Il cartello dei Casalesi avrebbe deciso di uccidere Nicola Cosentino, all'epoca potentissimo leader politico del centrodestra, perché non si sarebbe presentato dopo una convocazione da parte di uno dei capi. Ad evitare che l'ordine si concretizzasse in agguato furono altri esponenti del clan, che mediarono riuscendo non senza difficoltà a far desistere dall'intento. A raccontarlo è Nicola Schiavone, figlio del superboss Francesco "Sandokan" Schiavone, oggi collaboratore di giustizia, che ha aggiunto di avere anche lui pensato di far ammazzare l'ex Pdl dopo che si era rifiutato di fargli un favore.

"Mio zio Cicciariello (Francesco Schiavone, cugino omonimo di Sandokan, ndr) voleva uccidere Cosentino – si legge – e ci volle il bello e il buono per calmarlo. Non lo ipotizzò, dette l'ordine". Il progetto, ha raccontato il collaboratore di giustizia, non fu attuato grazie alla mediazione di Giuseppe Russo e Antonio Iovine, detto ‘o ninno, che fecero cambiare idea a "Cicciariello". Successivamente, però, Cosentino avrebbe fatto un altro "sgarbo" al clan, rifiutandosi di indicare proprio a Nicola Schiavone il nome di un avvocato che potesse aiutarlo nei giudizi di Sorveglianza. Il pentito ha raccontato di aver detto a un altro affiliati, dopo quell'episodio, "per quanto mi riguarda, non mi dispiacerebbe fare l'agguato a Cosentino".
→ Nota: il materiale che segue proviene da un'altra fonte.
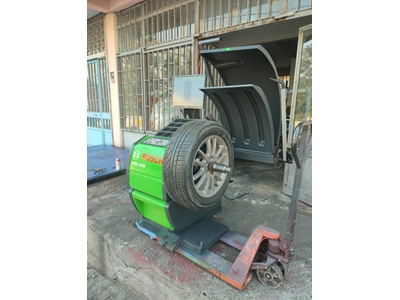 WBE 4430 Fixed Tire Balancing Machine - 5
Il verbale in cui viene raccontata la vicenda risale al 25 settembre 2018. Le dichiarazioni sono agli atti del processo d'appello in cui Cosentino è imputato per concorso esterno in associazione camorristica. Nell'udienza del 31 marzo, dopo la requisitoria del pg Luigi Musto (che aveva chiesto 12 anni di reclusione rispetto ai 10 del primo grado), quando erano in corso le arringhe difensive (degli avvocati Agostino De Caro e Stefano Montone, che assistono Cosentino con l'avvocato Elena Lepre) i giudici hanno riaperto l'istruttoria e deciso di convocare Nicola Schiavone per la prossima udienza, il 14 aprile. I legali di Cosentino, nella memoria di 36 pagine, contestano la credibilità dei collaboratori di giustizio, una decina, che chiamano in causa l'imputato a vario titolo. Anche Nicola Schiavone è ritenuto non credibile ma, rilevano, se pure le sue dichiarazioni fossero vere, dimostrerebbero che l'ex sottosegretario all'Economia non aveva rapporti di nessun tipo col clan originario del Casertano.